--- START ---
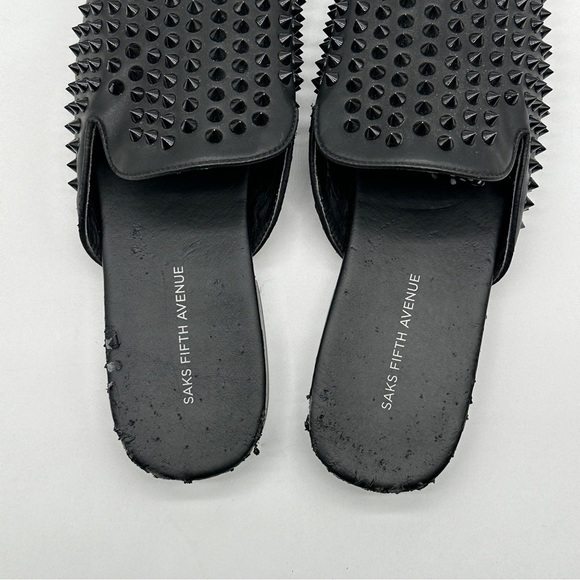 Saks Fifth Avenue Rudy Metal Spikes Slip on mule loafers shoes size 11.5 - Picture 6 of 13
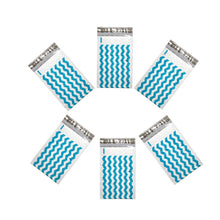6" x 10", 4 x 8" Teal Blue Chevron Poly Bubble Mailer Padded Shipping Envelopes - ShipNFun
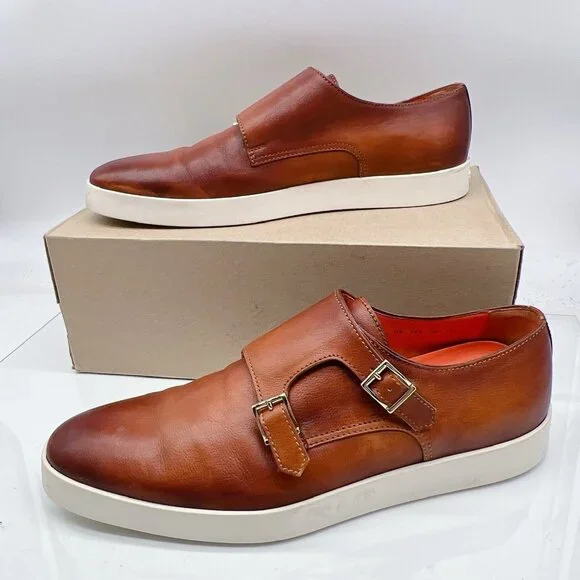 Santoni Mens Bankable Sneaker MonkStrap Double Buckle Brown Leather US 11.5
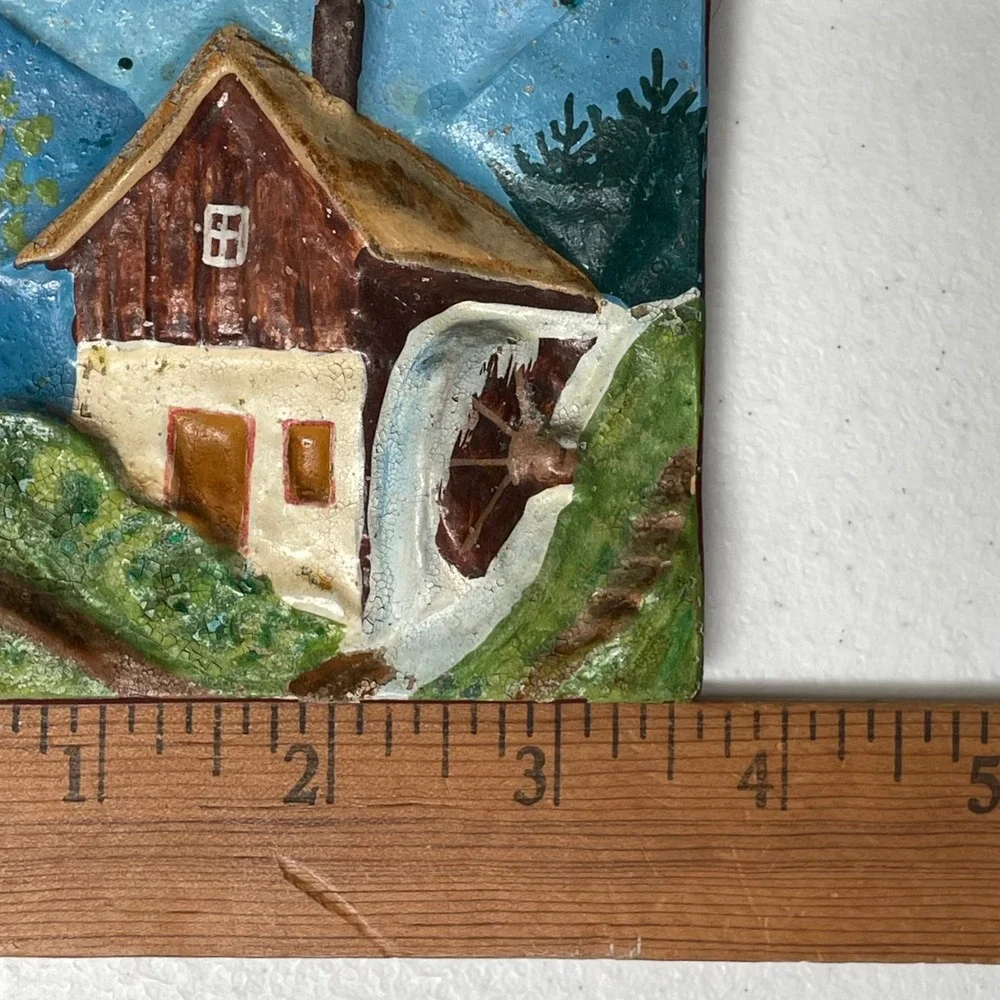 Vintage Hand Painted 3D Tile Cottage Mountains Trees French Farmhouse Prairie‎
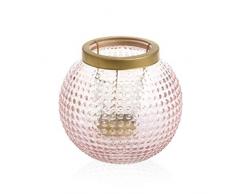 YANKEE CANDLE Romance Teelichthalter, Metall, Rosa, 15 x 15 x 13.5 cm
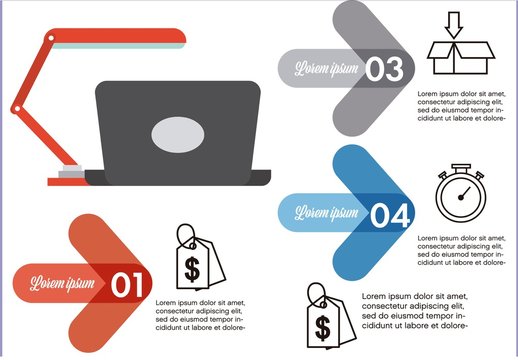 Red Blue Gray Business Delivery Timeline Infographic Layout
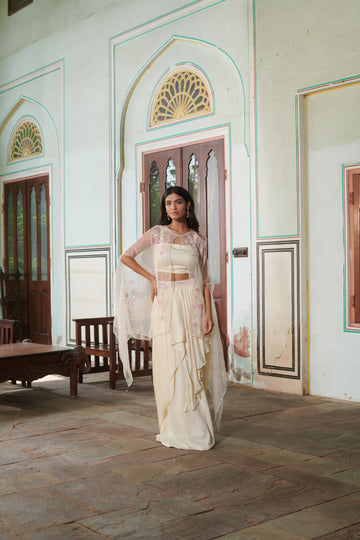 Anvitha (अन्विता) - Embroidered Cape with Blouse and Skirt Set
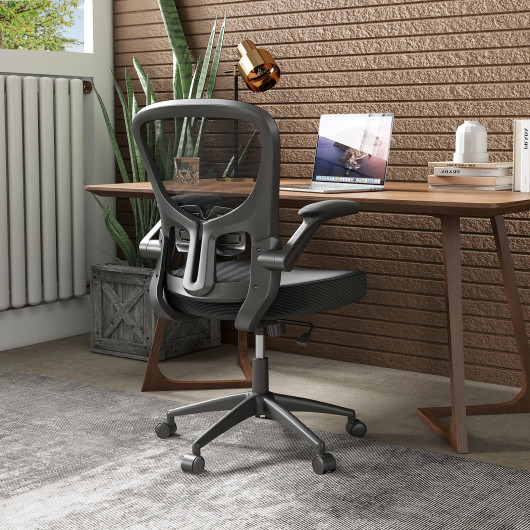 Ergonomic Swivel Mesh Office Chair with Flip-Up Armrests 2 Ergonomic Swivel Mesh Office Chair with Flip-Up Armrests - Image 2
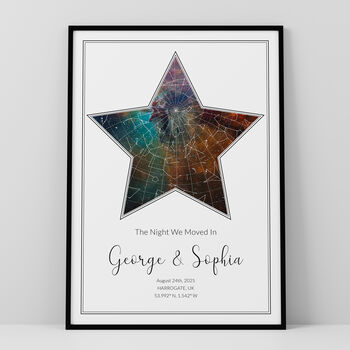 The Night We Moved In Personalised Star Map Print New Home Gift, 4 of 12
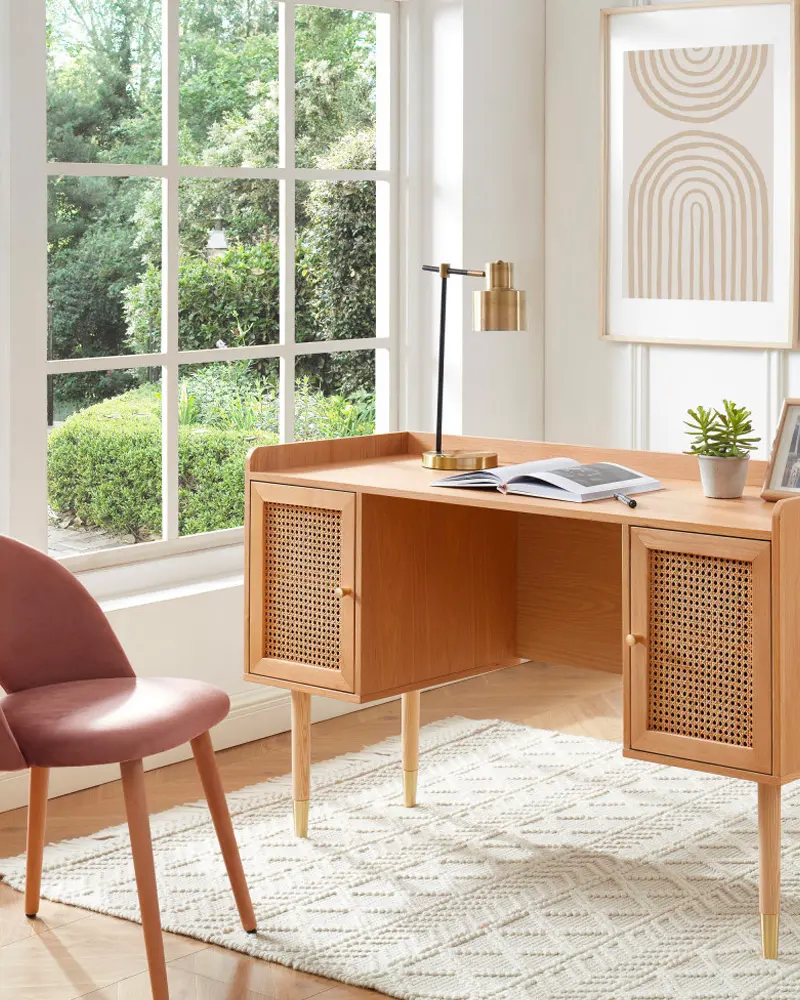 deco bureau cannage bois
--- END ---
- _REQUIRED ACTION_: Could you copy each line above exactly as written, minus any pictures?

- _FINAL ANSWER_:
 Saks Fifth Avenue Rudy Metal Spikes Slip on mule loafers shoes size 11.5 - Picture 6 of 13
6" x 10", 4 x 8" Teal Blue Chevron Poly Bubble Mailer Padded Shipping Envelopes - ShipNFun
 Santoni Mens Bankable Sneaker MonkStrap Double Buckle Brown Leather US 11.5
 Vintage Hand Painted 3D Tile Cottage Mountains Trees French Farmhouse Prairie‎
 YANKEE CANDLE Romance Teelichthalter, Metall, Rosa, 15 x 15 x 13.5 cm
 Red Blue Gray Business Delivery Timeline Infographic Layout
 Anvitha (अन्विता) - Embroidered Cape with Blouse and Skirt Set
 Ergonomic Swivel Mesh Office Chair with Flip-Up Armrests 2 Ergonomic Swivel Mesh Office Chair with Flip-Up Armrests - Image 2
 The Night We Moved In Personalised Star Map Print New Home Gift, 4 of 12
 deco bureau cannage bois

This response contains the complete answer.